Operation NEVUS 2018

Approximately 100 CAF members and Department of National Defence civilian personnel participated in Operation NEVUS from June 15 to July 15, 2018. This year, there were two main goals:

  • maintain and upgrade the HADCS sites between CFS Alert and Eureka
  • conduct environmental stewardship projects

During the operation, the CAF achieved the following:

  • Crushed more than 2000 empty fuel barrels
  • Completed environmental assessment on all known DND legacy sites, plus more sites which were found during the operation
  • Cleaned up three legacy sites, including removing drums and debris
  • Collected soil and fuel samples for research by students of the Royal Military College of Canada

The task group

Joint Task Group Nevus is made up of CAF Regular and Reserve Force members. Technicians from the Communications and Electronics Branch form the core of the group. They are brought together from CAF units across Canada. The Royal Canadian Air Force (RCAF) provides air support for the task group.

The requirement

The HADCS links Canadian Forces Station (CFS) Alert to federal government communications centres in Ottawa. CFS Alert is on the northern tip of Ellesmere Island. The HADCS is the critical communication link between the High Arctic and Ottawa. It was built because CFS Alert is too far north to link to communications satellites orbiting over the Equator.

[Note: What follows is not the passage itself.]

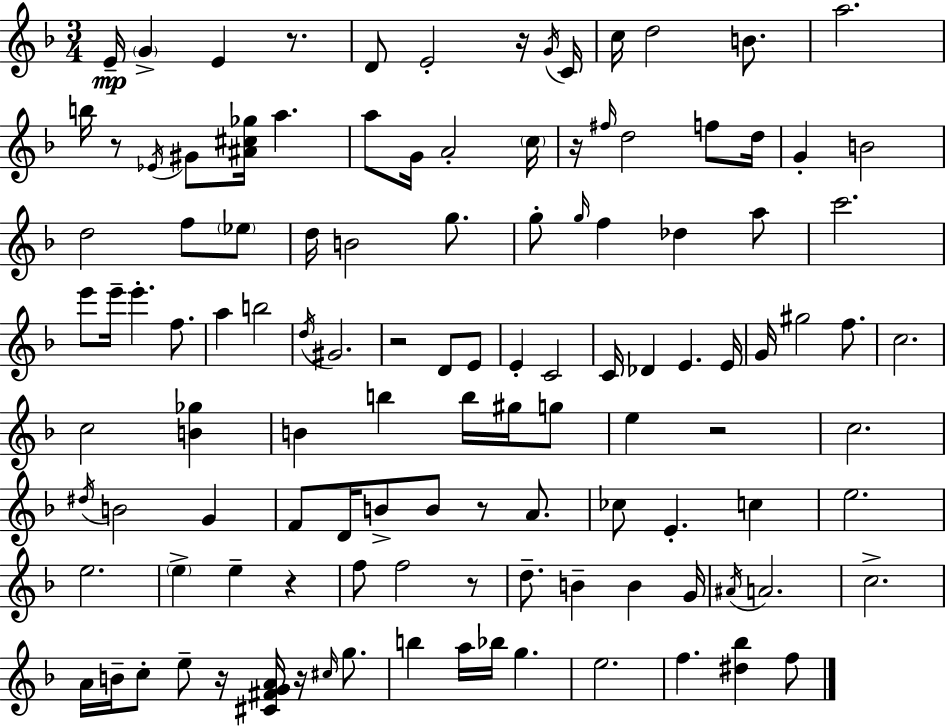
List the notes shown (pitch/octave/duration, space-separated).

E4/s G4/q E4/q R/e. D4/e E4/h R/s G4/s C4/s C5/s D5/h B4/e. A5/h. B5/s R/e Eb4/s G#4/e [A#4,C#5,Gb5]/s A5/q. A5/e G4/s A4/h C5/s R/s F#5/s D5/h F5/e D5/s G4/q B4/h D5/h F5/e Eb5/e D5/s B4/h G5/e. G5/e G5/s F5/q Db5/q A5/e C6/h. E6/e E6/s E6/q. F5/e. A5/q B5/h D5/s G#4/h. R/h D4/e E4/e E4/q C4/h C4/s Db4/q E4/q. E4/s G4/s G#5/h F5/e. C5/h. C5/h [B4,Gb5]/q B4/q B5/q B5/s G#5/s G5/e E5/q R/h C5/h. D#5/s B4/h G4/q F4/e D4/s B4/e B4/e R/e A4/e. CES5/e E4/q. C5/q E5/h. E5/h. E5/q E5/q R/q F5/e F5/h R/e D5/e. B4/q B4/q G4/s A#4/s A4/h. C5/h. A4/s B4/s C5/e E5/e R/s [C#4,F#4,G4,A4]/s R/s C#5/s G5/e. B5/q A5/s Bb5/s G5/q. E5/h. F5/q. [D#5,Bb5]/q F5/e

The HADCS is a chain of satellite-uplink sites and unmanned, remote-functioning, line-of-sight microwave repeating stations. The chain stretches more than 500 kilometres. It runs between CFS Alert and Fort Eureka, a research station on the west coast of Ellesmere Island. The microwave sites run on a combination of solar panels and batteries. The solar panels power the system and charge the batteries during the spring, summer and autumn seasons. The batteries power the system during periods of darkness.

During Operation NEVUS, technicians visit each HADCS site. They maintain the equipment and critical infrastructure, replacing parts as needed.  They also ensure that the entire system complies with environmental standards. The CAF members work in partnership with employees of Environment and Climate Change Canada.

The mission

The HADCS came into service in 1982.  The system has been visited and maintained each summer since then to ensure the communications link remains operable. 

Joint Task Group Nevus members deploy to the High Arctic each year. They operate from Fort Eureka, the base camp, in June. The operation can extend into July to accommodate the weather. Technicians travel to and from the satellite-uplink sites and microwave stations by helicopter.

They bring their tools and spare parts. Members of the task group might also:

  • inspect and maintain related equipment and infrastructure (roads, culverts, vehicles and buildings);
  • conduct fire prevention;
  • conduct health and safety reviews; and
  • perform any environmental cleanup that may be necessary.